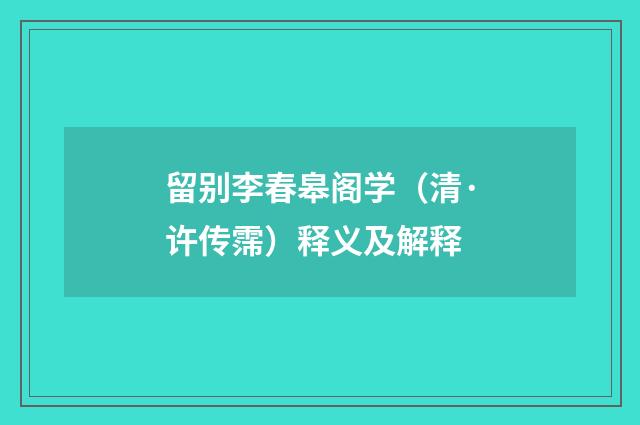 留别李春皋阁学（清·许传霈）释义及解释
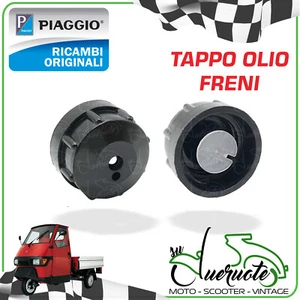 TAPPO SERBATOIO OLIO POMPA FRENI APE 50 P TM FL EUROPA MIX RST CAR MAX P601 P602 - Foto 1 di 1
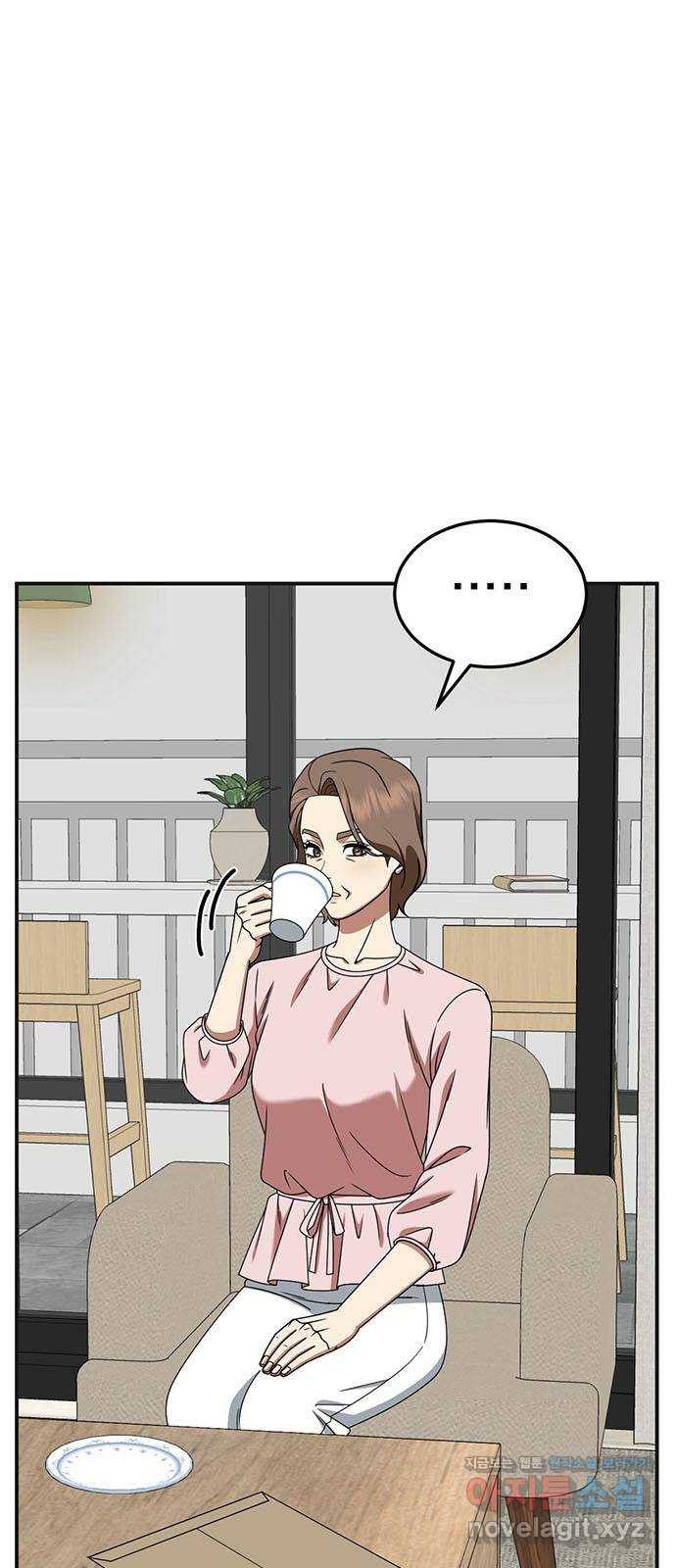 나를 바꿔줘 [시즌2] 조예빈 14 84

--- --- ---

• WHAT YOU NEED TO DO
A word-for-word copy of the listing is the goal; keep every picture out of it.

• SOLUTION TO THIS EXERCISE
 留别李春皋阁学（清·许传霈）释义及解释
 TAPPO SERBATOIO OLIO POMPA FRENI APE 50 P TM FL EUROPA MIX RST CAR MAX P601 P602 - Foto 1 di 1
 나를 바꿔줘 [시즌2] 조예빈 14 84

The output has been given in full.